----- Extracted records -----

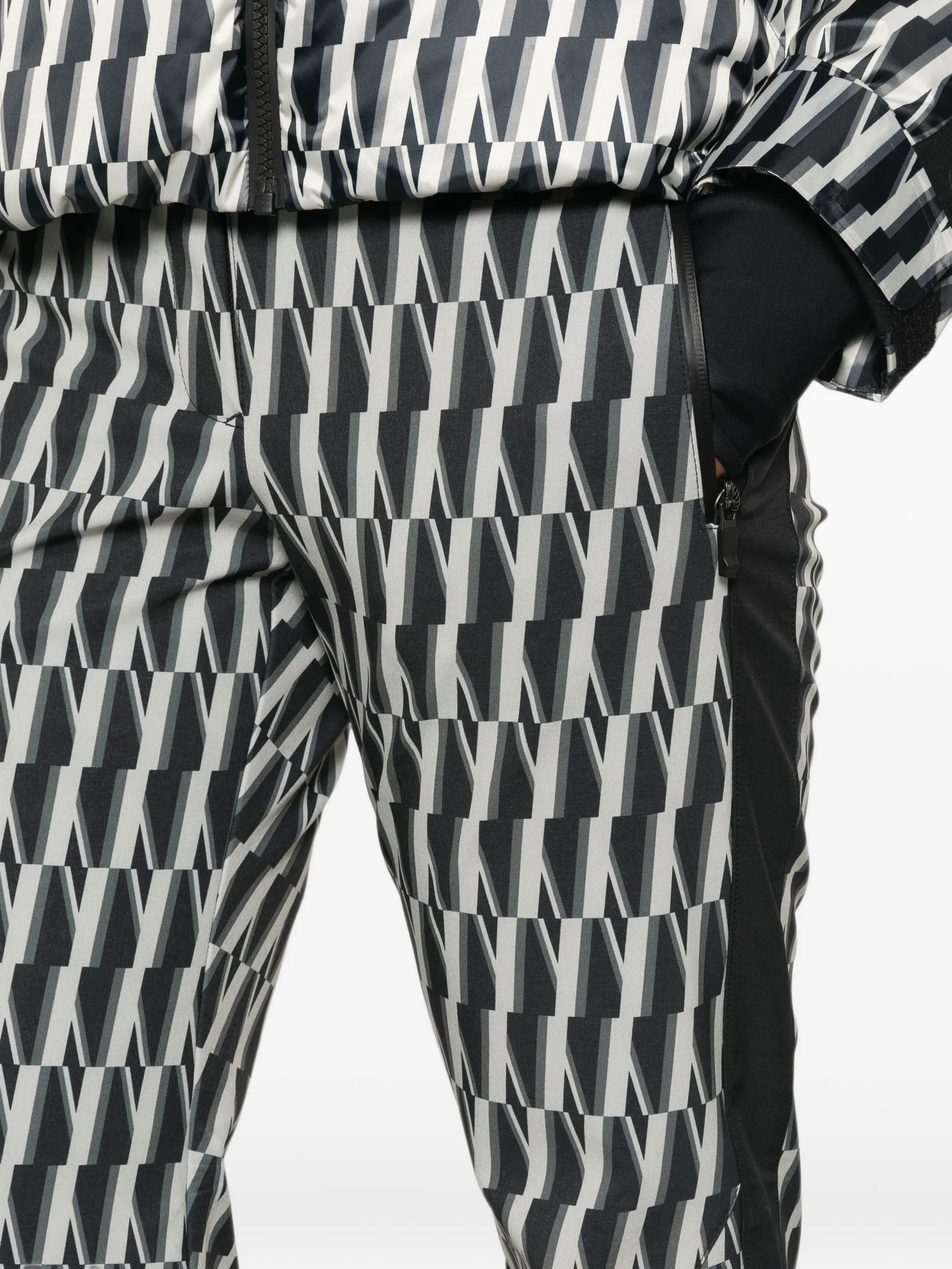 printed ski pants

-----
----- Extracted records -----

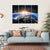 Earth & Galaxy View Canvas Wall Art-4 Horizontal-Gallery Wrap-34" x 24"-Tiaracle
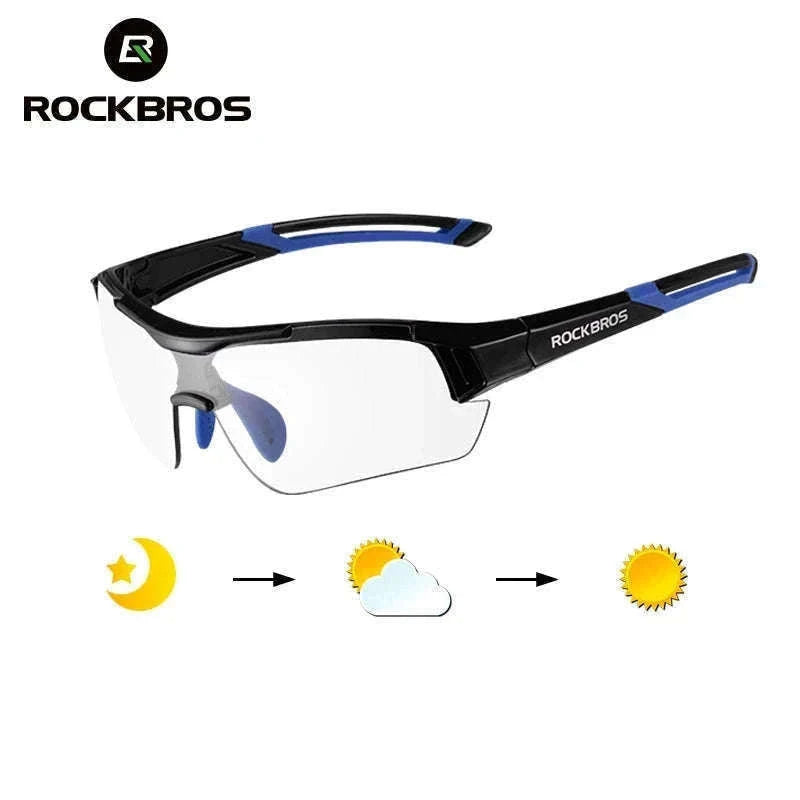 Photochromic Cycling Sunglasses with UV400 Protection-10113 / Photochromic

-----

■ **Aim of the task**
Although the records above contain pictures, the copy must not; set down exactly the lines from the one with "Earth & Galaxy" up to and including the one with "Photochromic Cycling Sunglasses".

■ **Reply to the task**
 Earth & Galaxy View Canvas Wall Art-4 Horizontal-Gallery Wrap-34" x 24"-Tiaracle
 Photochromic Cycling Sunglasses with UV400 Protection-10113 / Photochromic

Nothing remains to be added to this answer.